For investors, the desire is clear: well-regulated markets that meet international standards, but without being over-regulated.
This tension between regulation and accessibility is at the heart of Africa’s capital market integration debate.
The road to integrated and efficient capital markets in Africa is long and fraught with challenges.
The Vision:
Market participants agree that harmonising regulations, reducing trading costs, and improving information flow are essential steps toward creating a more interconnected financial ecosystem.
The Current State of Affairs:
Capital markets in Africa are still relatively small and fragmented, Markus Scheuermaier, Senior Country Officer for Botswana and Lesotho at the International Finance Corporation told the African Securities Exchanges Association (ASEA) Conference last year November.

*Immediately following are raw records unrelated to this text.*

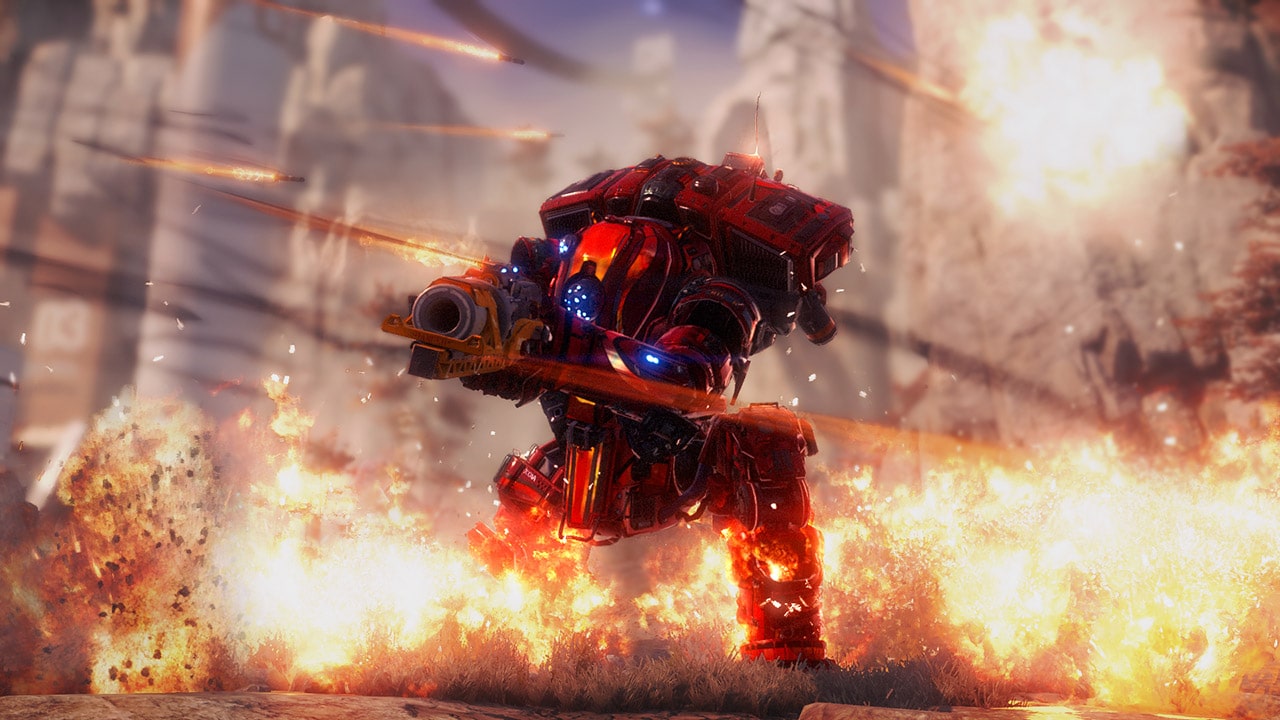 خرید اکانت قانونی Titanfall 2: Ultimate Edition برای PS4 & PS5 خرید اکانت قانونی Titanfall 2: Ultimate Edition برای PS4 & PS5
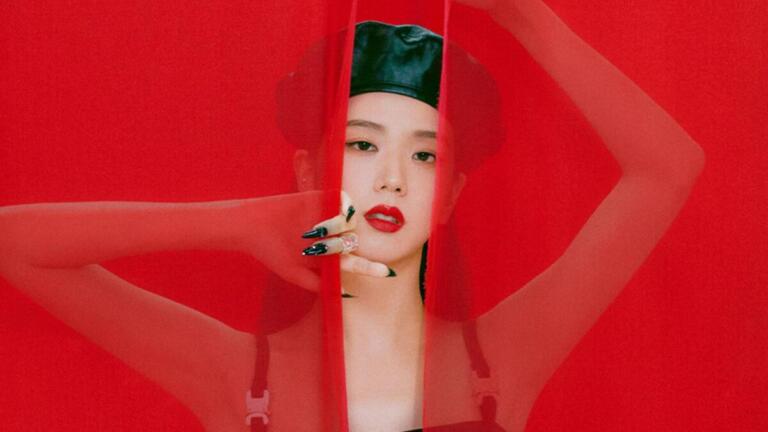 Jisoo BLACKPINK Umumkan Comeback Solo di 2025!
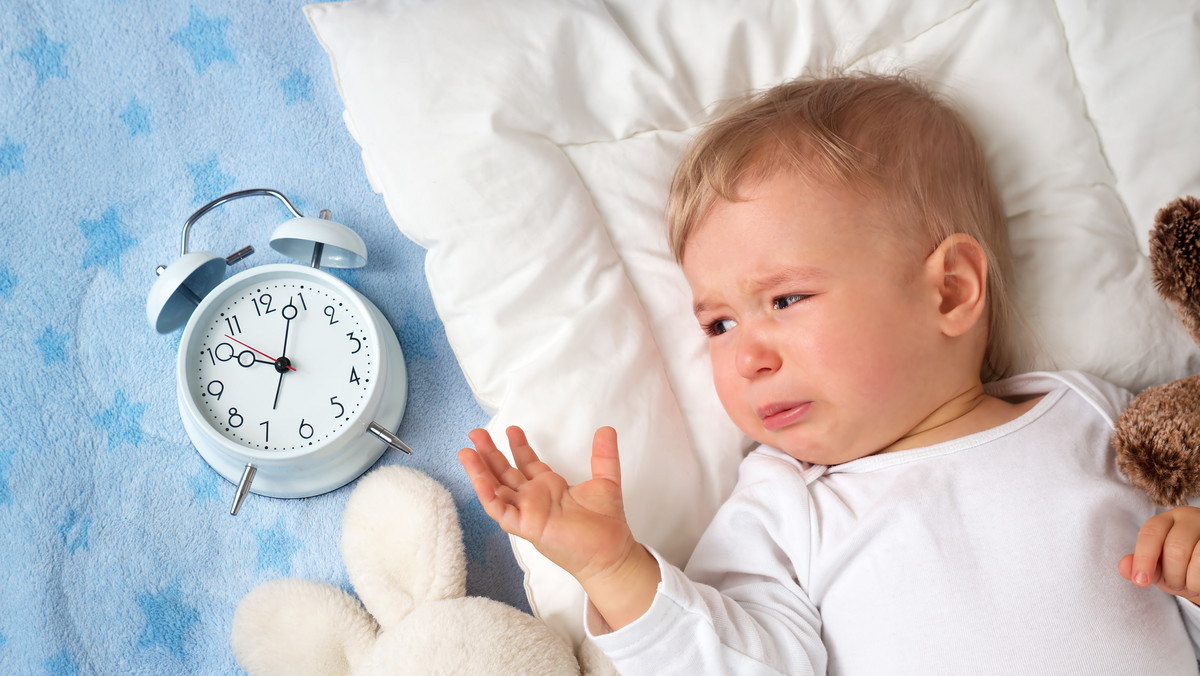 Dziecko nie chce spać: najczęstsze przyczyny. Co robić, jak poprawić sen dziecka?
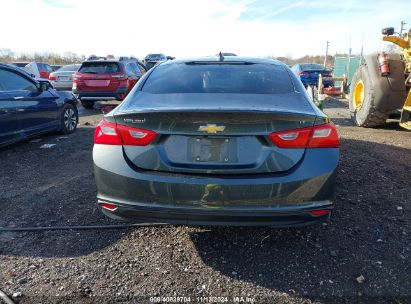 Lot #3035072160 2018 CHEVROLET MALIBU LT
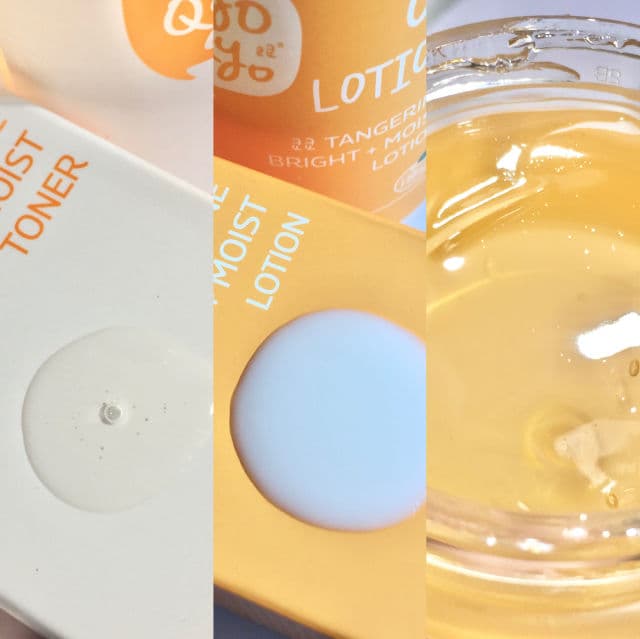 Qyo Qyo Tangerine Bright + Moist Gel Cream review photo by shaooo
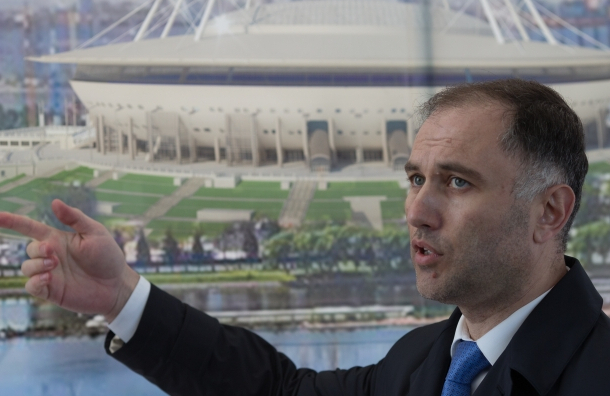 Алексей Миллер: большое количество критики в адрес стадиона «Санкт-Петербург» может быть продиктовано завистью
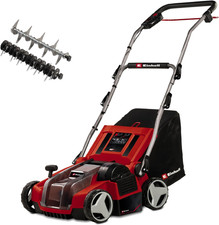 Einhell Akku-Vertikutierer-Lüfter GE-SA 36/35 Li-Solo Power X-Change (Li-Ion, 36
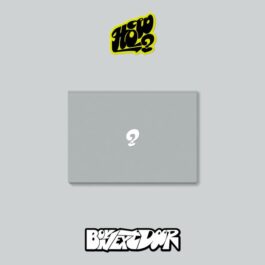 [PREORDER] BOYNEXTDOOR – HOW? (Sticker ver.)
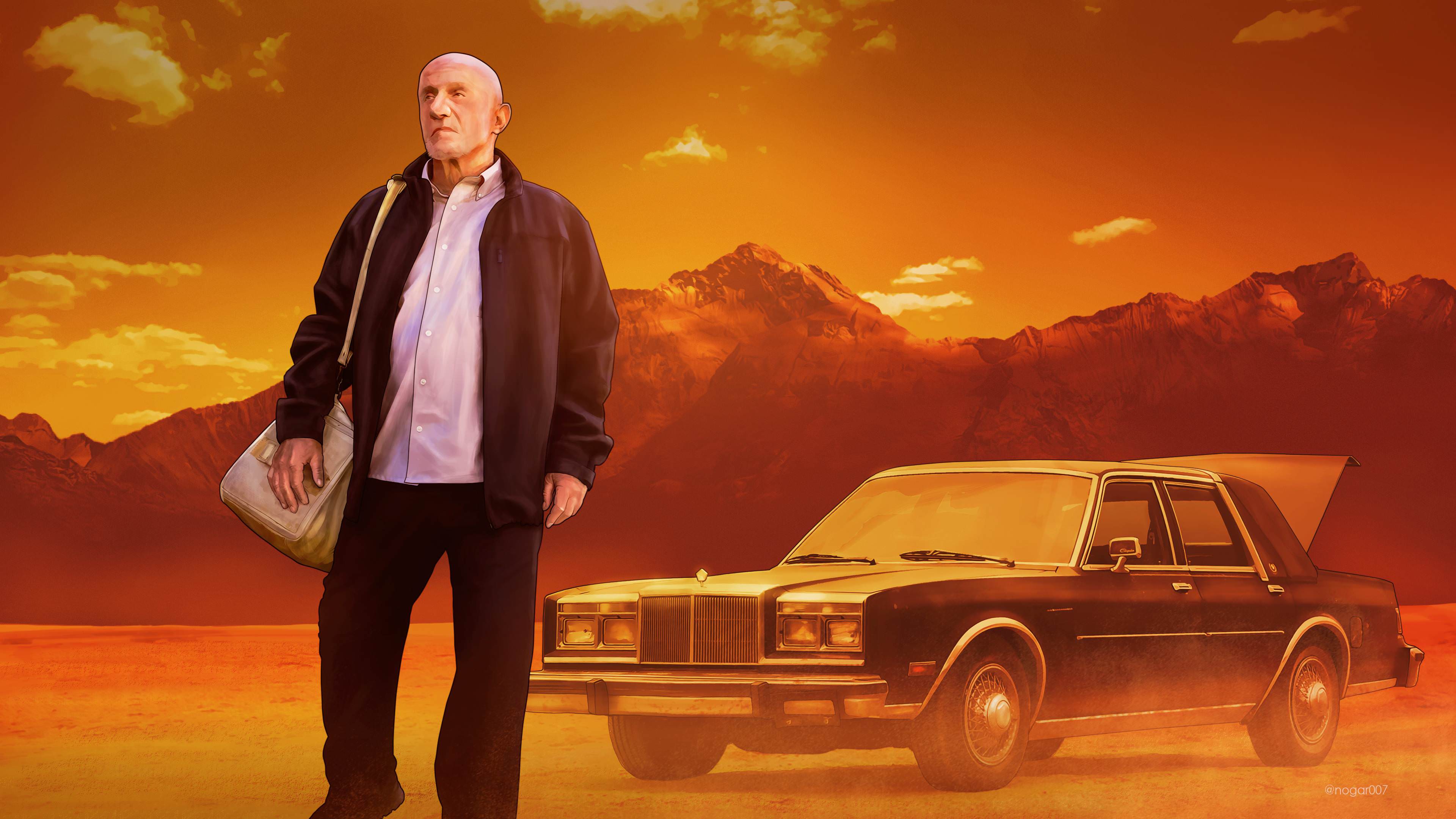 Better Call Saul Iphone - HD Wallpaper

He pointed out that these markets are not always regulated to international standards, and this lack of uniformity makes cross-border investments difficult.
Adding to this concern was Abena Amoah, Managing Director of the Ghana Stock Exchange, noting the region’s "complex, fragmented rulebook". It's a structure that raised her question: What if we threw it out entirely?
Contemplating A Shared Stock Exchange:
Economist Dr Keith Jefferis ponders the idea of smaller countries surrounding Botswana benefitting from shared stock exchanges, rather than each maintaining their own.
However, this vision faces significant challenges, considering the diverse regulatory, political, and economic conditions across the continent.
Amoah, a firm believer that every country needs its own capital markets and stock exchange, cited the importance of local ownership in capital formation.
Experts like Selloua Chakri, founder of SCL Advisory call for consensus-building across countries to drive integration and market growth. For Chakri, the key question remains: Where do we start, and what do we have in common to move forward?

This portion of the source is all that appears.